■ DATASET RECORDS
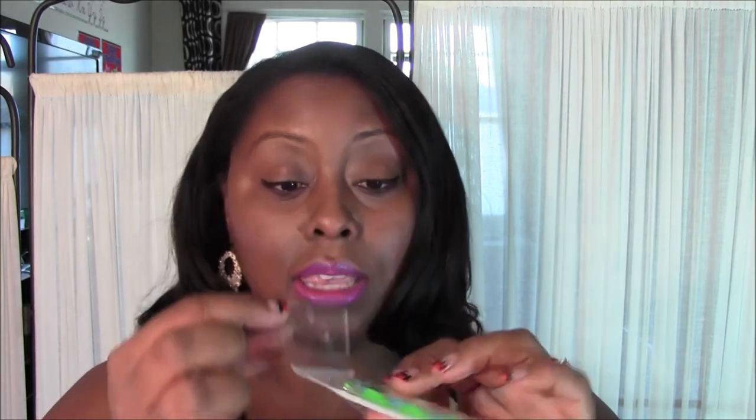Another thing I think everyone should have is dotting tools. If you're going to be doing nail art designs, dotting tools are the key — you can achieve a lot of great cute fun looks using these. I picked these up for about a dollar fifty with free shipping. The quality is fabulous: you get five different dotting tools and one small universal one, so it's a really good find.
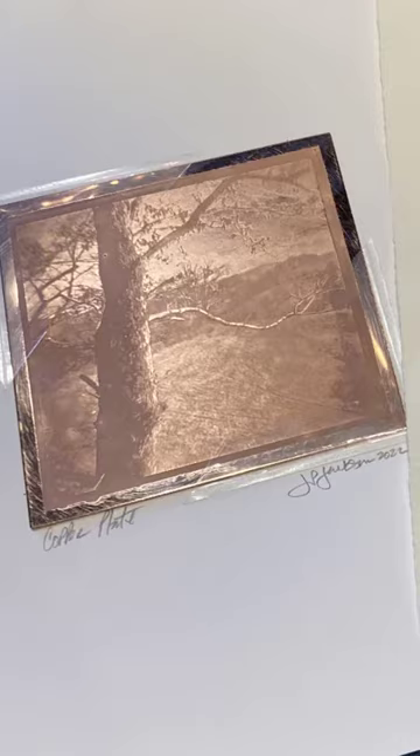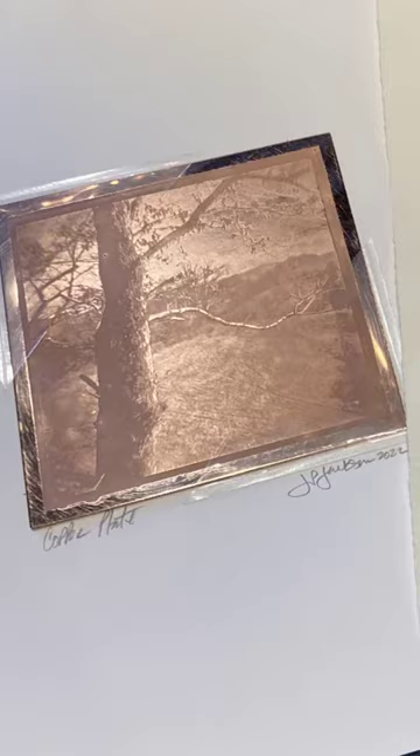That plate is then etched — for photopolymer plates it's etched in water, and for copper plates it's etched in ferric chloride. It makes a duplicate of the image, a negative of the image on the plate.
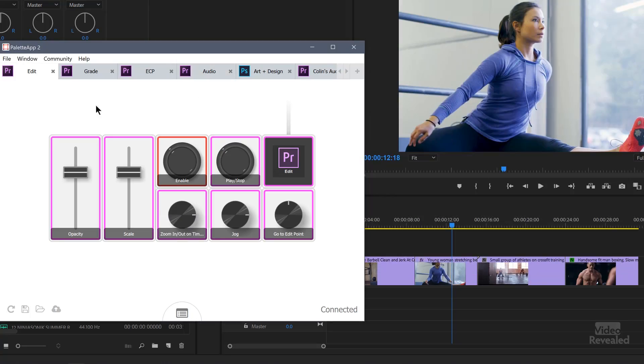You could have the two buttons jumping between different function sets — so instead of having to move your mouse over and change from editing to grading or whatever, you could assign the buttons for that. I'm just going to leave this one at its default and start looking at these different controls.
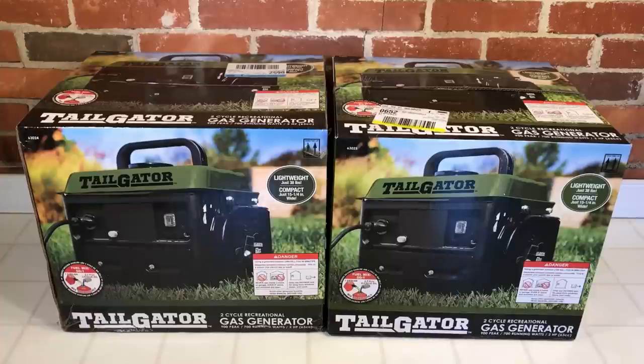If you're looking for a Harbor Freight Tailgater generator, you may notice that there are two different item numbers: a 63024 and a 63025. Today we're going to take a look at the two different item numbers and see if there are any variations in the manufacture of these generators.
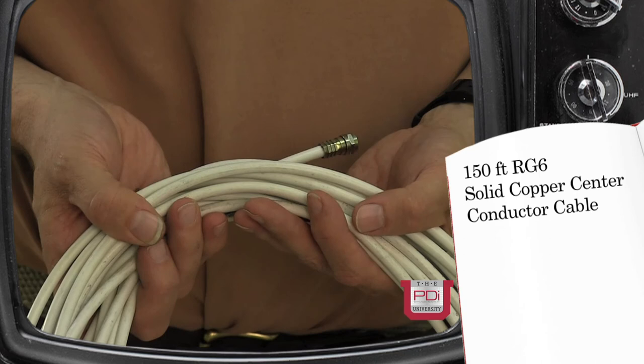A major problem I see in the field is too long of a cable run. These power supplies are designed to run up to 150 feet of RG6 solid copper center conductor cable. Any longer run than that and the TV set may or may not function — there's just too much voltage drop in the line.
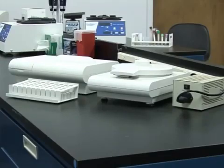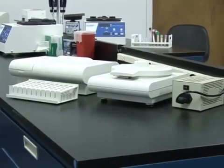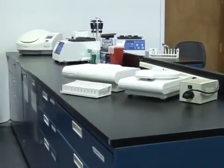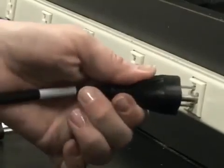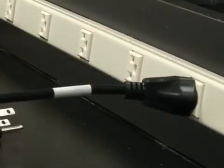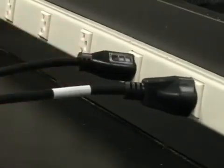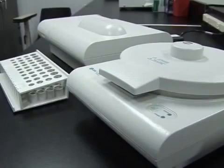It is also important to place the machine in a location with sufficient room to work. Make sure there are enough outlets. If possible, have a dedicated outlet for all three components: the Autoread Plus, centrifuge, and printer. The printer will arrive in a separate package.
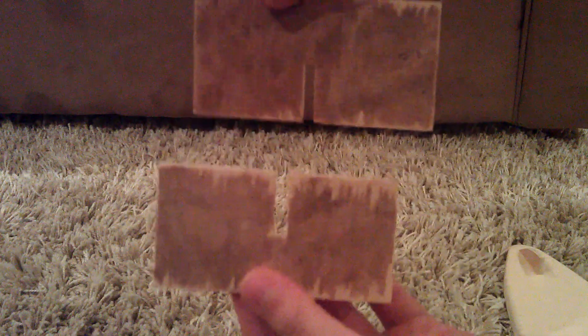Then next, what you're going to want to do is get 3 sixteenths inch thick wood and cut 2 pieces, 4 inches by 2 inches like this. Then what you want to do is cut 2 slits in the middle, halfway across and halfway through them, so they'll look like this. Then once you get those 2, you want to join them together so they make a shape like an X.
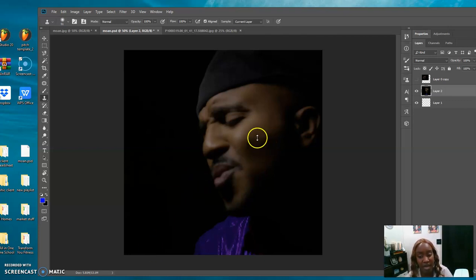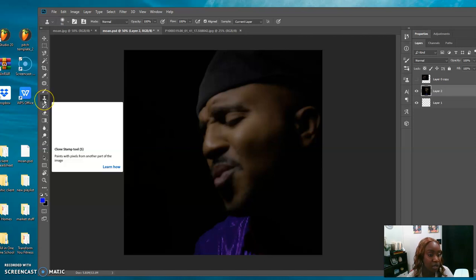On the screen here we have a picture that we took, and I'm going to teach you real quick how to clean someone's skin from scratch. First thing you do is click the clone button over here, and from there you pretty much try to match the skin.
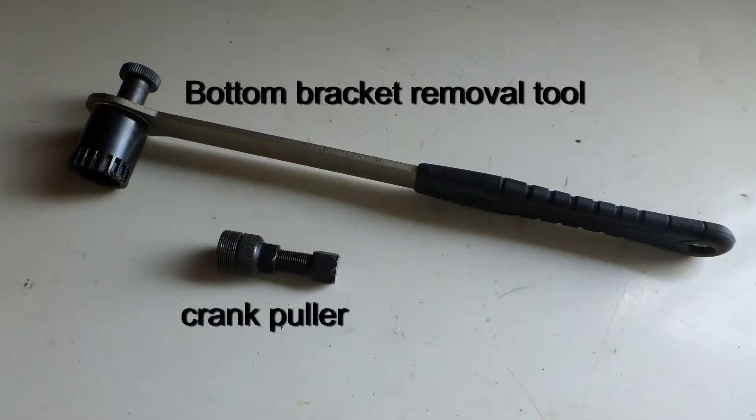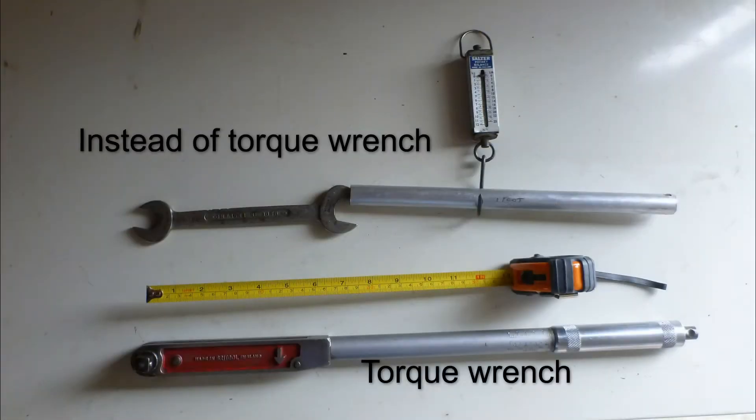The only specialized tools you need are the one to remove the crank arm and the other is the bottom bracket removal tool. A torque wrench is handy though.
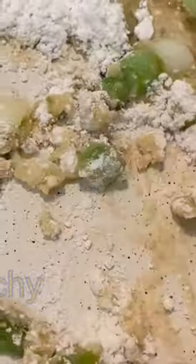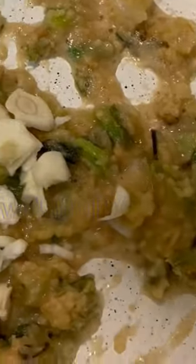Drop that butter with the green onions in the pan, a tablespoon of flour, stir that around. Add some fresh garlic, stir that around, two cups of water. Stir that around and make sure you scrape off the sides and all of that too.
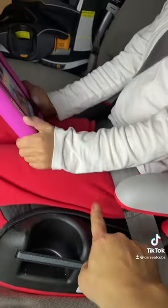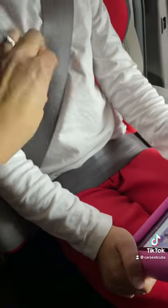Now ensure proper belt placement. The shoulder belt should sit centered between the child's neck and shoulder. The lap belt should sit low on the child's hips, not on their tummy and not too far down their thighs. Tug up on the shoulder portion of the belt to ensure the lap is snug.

■ TASK INSTRUCTIONS
Leave the pictures out, and restate exactly the lines from the start of the records through the one that contains "On the screen".

■ ANSWER SPACE
Another thing I think everyone should have is dotting tools. If you're going to be doing nail art designs, dotting tools are the key — you can achieve a lot of great cute fun looks using these. I picked these up for about a dollar fifty with free shipping. The quality is fabulous: you get five different dotting tools and one small universal one, so it's a really good find.
That plate is then etched — for photopolymer plates it's etched in water, and for copper plates it's etched in ferric chloride. It makes a duplicate of the image, a negative of the image on the plate.
You could have the two buttons jumping between different function sets — so instead of having to move your mouse over and change from editing to grading or whatever, you could assign the buttons for that. I'm just going to leave this one at its default and start looking at these different controls.
If you're looking for a Harbor Freight Tailgater generator, you may notice that there are two different item numbers: a 63024 and a 63025. Today we're going to take a look at the two different item numbers and see if there are any variations in the manufacture of these generators.
A major problem I see in the field is too long of a cable run. These power supplies are designed to run up to 150 feet of RG6 solid copper center conductor cable. Any longer run than that and the TV set may or may not function — there's just too much voltage drop in the line.
It is also important to place the machine in a location with sufficient room to work. Make sure there are enough outlets. If possible, have a dedicated outlet for all three components: the Autoread Plus, centrifuge, and printer. The printer will arrive in a separate package.
Then next, what you're going to want to do is get 3 sixteenths inch thick wood and cut 2 pieces, 4 inches by 2 inches like this. Then what you want to do is cut 2 slits in the middle, halfway across and halfway through them, so they'll look like this. Then once you get those 2, you want to join them together so they make a shape like an X.
On the screen here we have a picture that we took, and I'm going to teach you real quick how to clean someone's skin from scratch. First thing you do is click the clone button over here, and from there you pretty much try to match the skin.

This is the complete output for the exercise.